A new hospital was built in 1914. King George V and Queen Mary performed the opening ceremony. It was the second largest children’s hospital in Britain. The hospital had 200 beds in separate blocks. It provided 12 wards, laboratories, two operating theatres, a nurses’ home and a pathology block. From 1915 until 1919 four wards were used as a military hospital for officers.
On 19 January 1922 the hospital was incorporated as a limited company. There were changes to the hospital management structure, including the addition of hospital governors and two new directors who were representatives from the employees in public works, warehouses etc who subscribed to the hospital. University lectureships were established at the hospital, the first ones in 1919. In 1924, Leonard Findlay was appointed to the first permanent chair of child health in Britain. The hospital became a major research hospital of international renown, particularly into the causes and treatment of rickets, metabolic diseases, kidney disease, orthopaedics, and heart disorders.
From 1948 until 1964 the RHSC was under the Board of Management for Glasgow and District Children’s Hospitals, along with Drumchapel and Strathblane Children’s Home Hospital, which became part of the group in 1953. When the new Queen Mother’s maternity hospital opened in 1964 at Yorkhill, the Board of Management changed its title to Yorkhill Children’s and Maternity Hospitals. The title changed again in 1968 to Board of Management for Yorkhill and Associated Hospitals.
In 1965 patients and staff were temporarily evacuated to Oakbank Hospital. Between 1967 and 1971 a series of new buildings were opened at Yorkhill. The new RHSC was opened by the HRH the Queen and Prince Phillip in 1972.
In 1974, the RHSC and QMH group of hospitals was placed in the Western District of the Greater Glasgow Health Board. In 1989 GGHB decided to centralise all paediatric care within Glasgow at the RHSC, excluding infectious diseases.
The GGHB established a Yorkhill Unit in 1991. In 1993 Yorkhill was granted NHS Trust status, becoming Yorkhill NHS Trust, comprising of the Royal Hospital for Sick Children, Queen Mother’s Hospital, Strathblane Children’s Home Hospital and Community Child Health Services. In its first year the Trust began an ambitious capital investment programme to help absorb all paediatric in-patient activity in Glasgow onto the Yorkhill site.
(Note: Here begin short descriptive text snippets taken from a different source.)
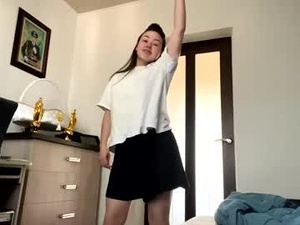 Screenshot from blairglee webcams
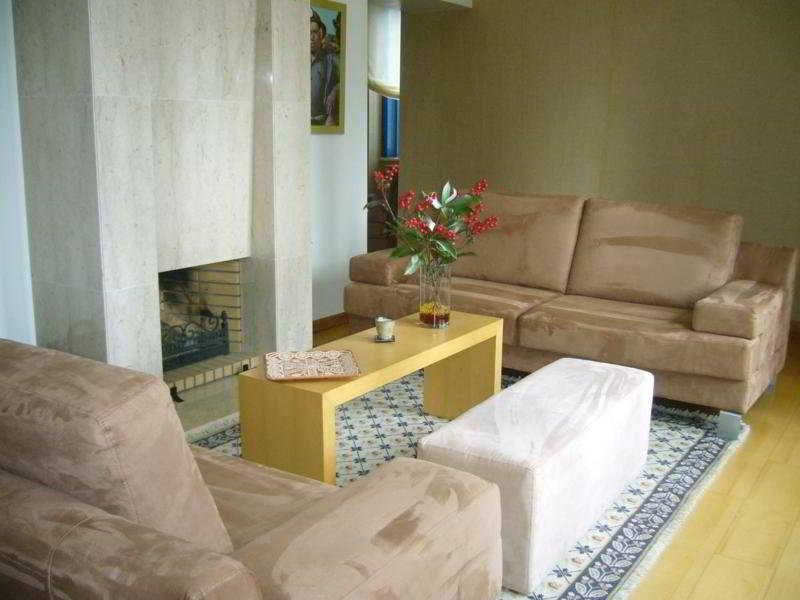 Santa Barbara dos Mineiros Hotel Rural 3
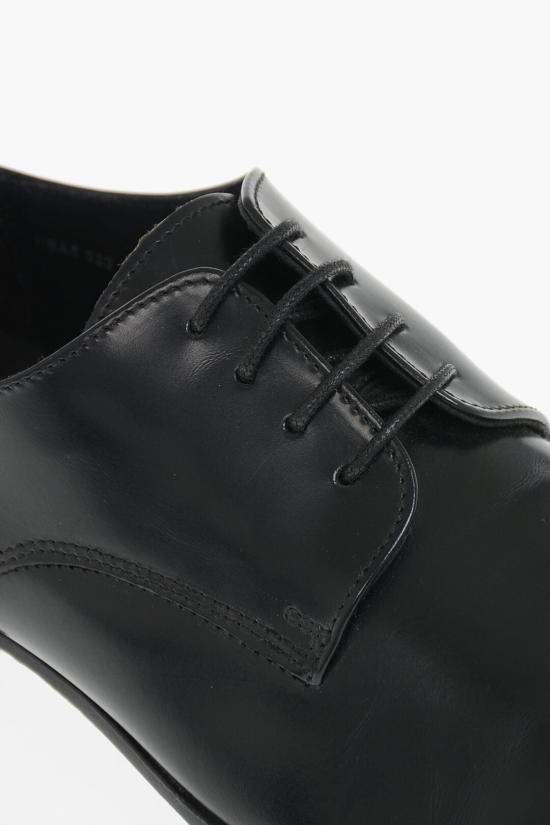  꼬르넬리아니 드레스 슈즈 85HSA5 0120923 020 Black - CORNELIANI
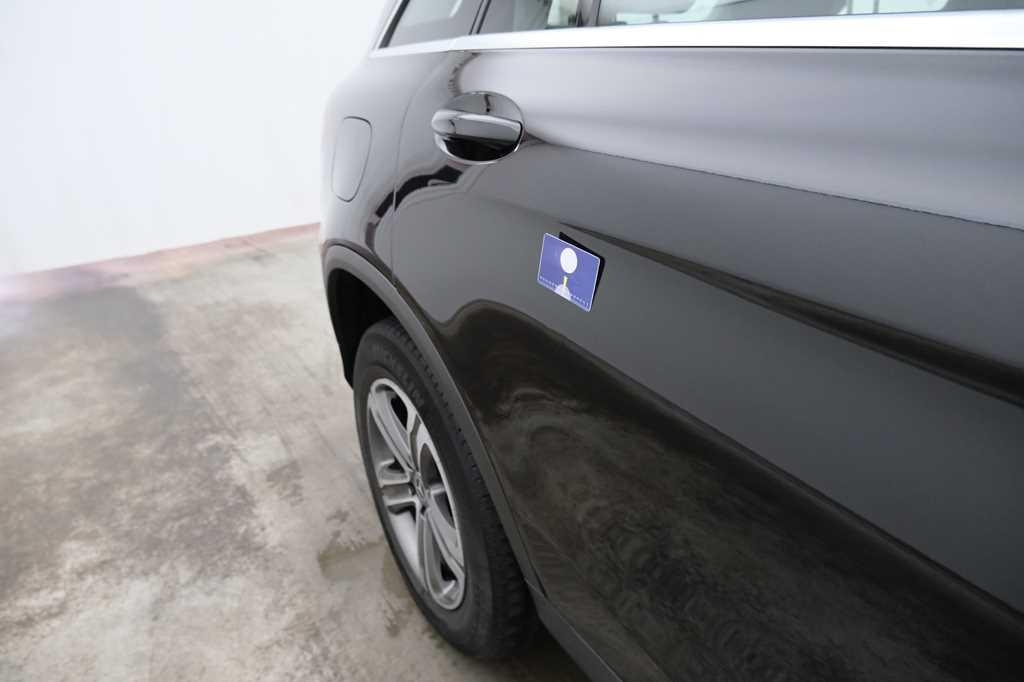 Mercedes-Benz GLC-Klasse 2017 photo 25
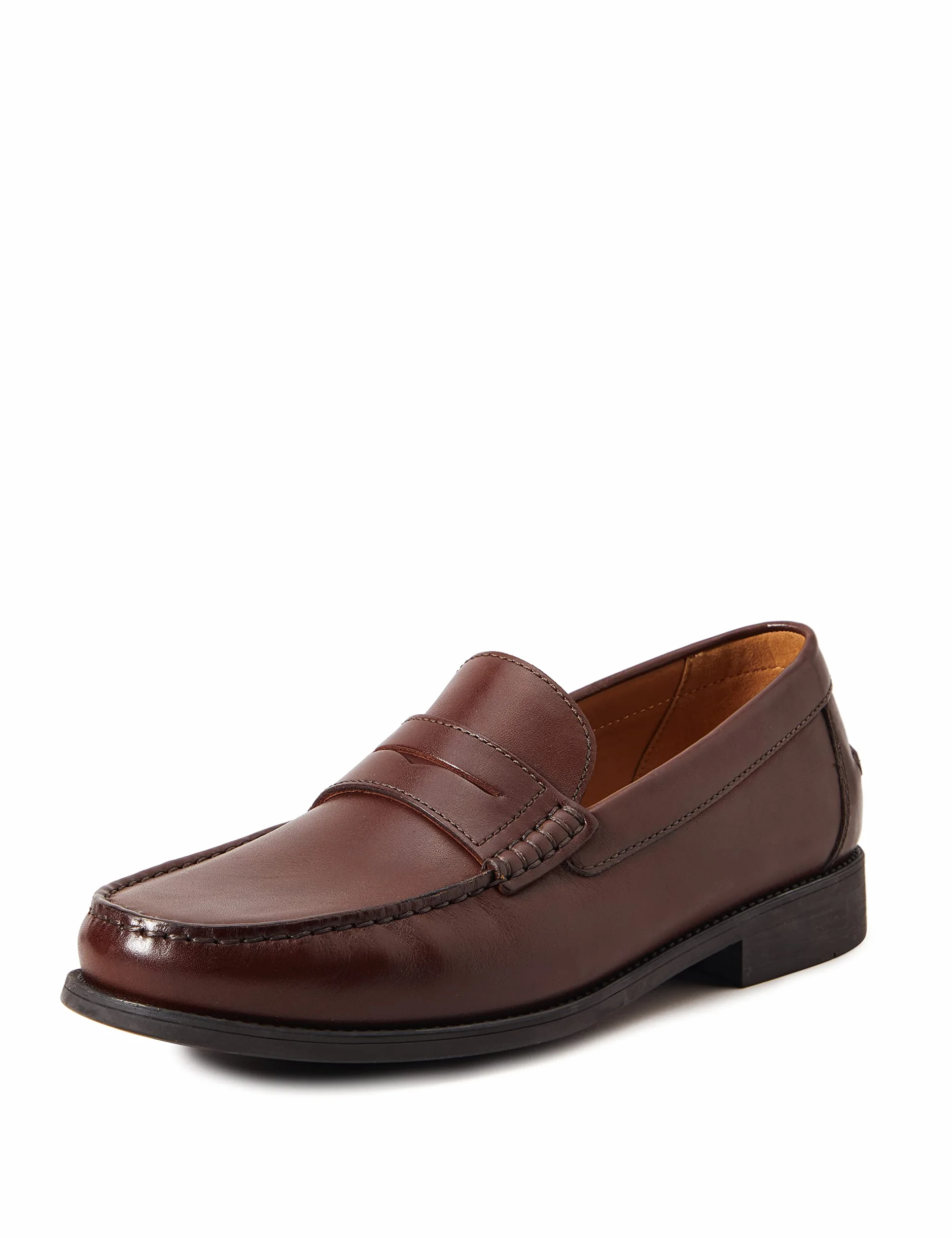 Geox U NEW DAMON B Moccasins Mężczyźni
The £11.5 million scheme included new operating theatres, expanded Intensive Therapy Unit, improved facilities in Haematology and a new department of Child and Family Psychiatry.
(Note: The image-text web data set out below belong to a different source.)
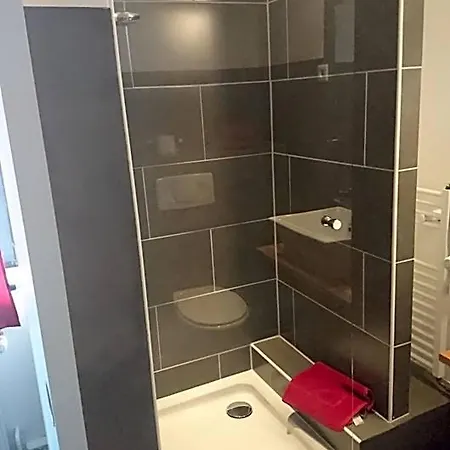 Szálloda Skada Coelln 3*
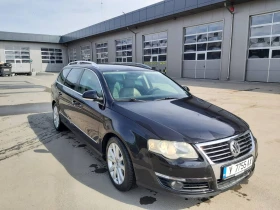 VW Passat, снимка 1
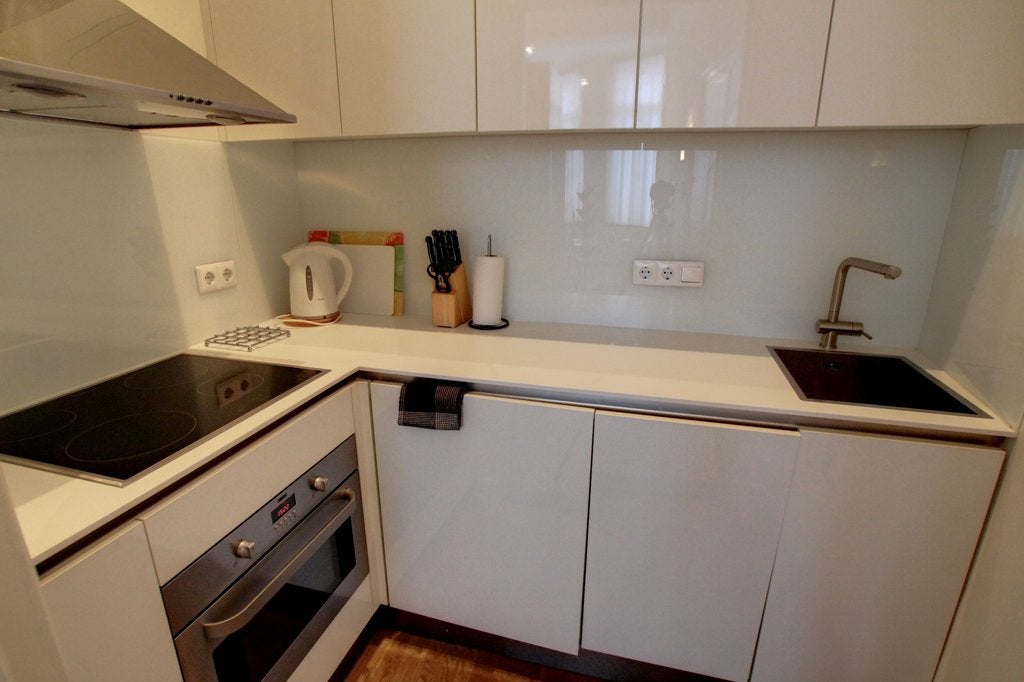 Studio te koop: Kleine Gracht 32A-01, Maastricht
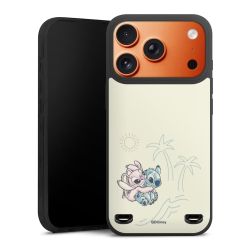 New Carry Case Hülle mattschwarz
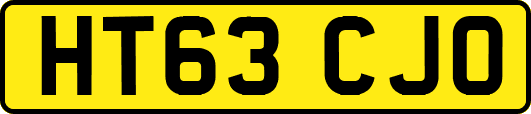 HT63CJO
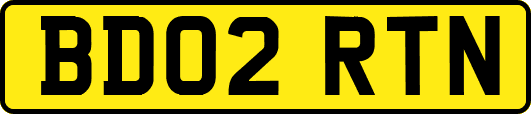 BD02RTN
The Yorkhill NHS Trust was abolished in April 2004 and the Yorkhill complex became Yorkhill Division of NHS Greater Glasgow. In 2005 the Scottish Executive agreed to allocate £100 million to NHS Greater Glasgow to build a modern replacement for the Royal Hospital for Sick Children and this opened in 2015 at the Govan site of the old Southern General Hospital. The RHSC closed in 2015.
Arrangement
Arranged in series.
Conditions Governing Access
There is a 75 year closure period on medical records of adults, and a 100 year closure period on the medical records of minors.
Other Finding Aids
A paper-based finding aid can be located in the searchroom.
Archivist's Note
These records were organised and arranged by Mrs Alma Topen, Archivist.
Appraisal Information
Appraised according to standard procedures.
Accruals
No further accruals expected.
Bibliography
Robertson, E Yorkhill story. History of the Royal Hospital for Sick Children Glasgow, Board of Management for Yorkhill and Associated Hospitals, 1972; Hutchison, I, Nicolson, M and Weaver, L Child health in Scotland. History of Glasgow's Royal Hospital for Sick Children, Scottish History Press, 2016
Related Material
QMH, Records of the Queen Mother's Hospital, Glasgow; HB 28, Records of Western Regional Hospital Board; HB 55, Records of Greater Glasgow Health Board.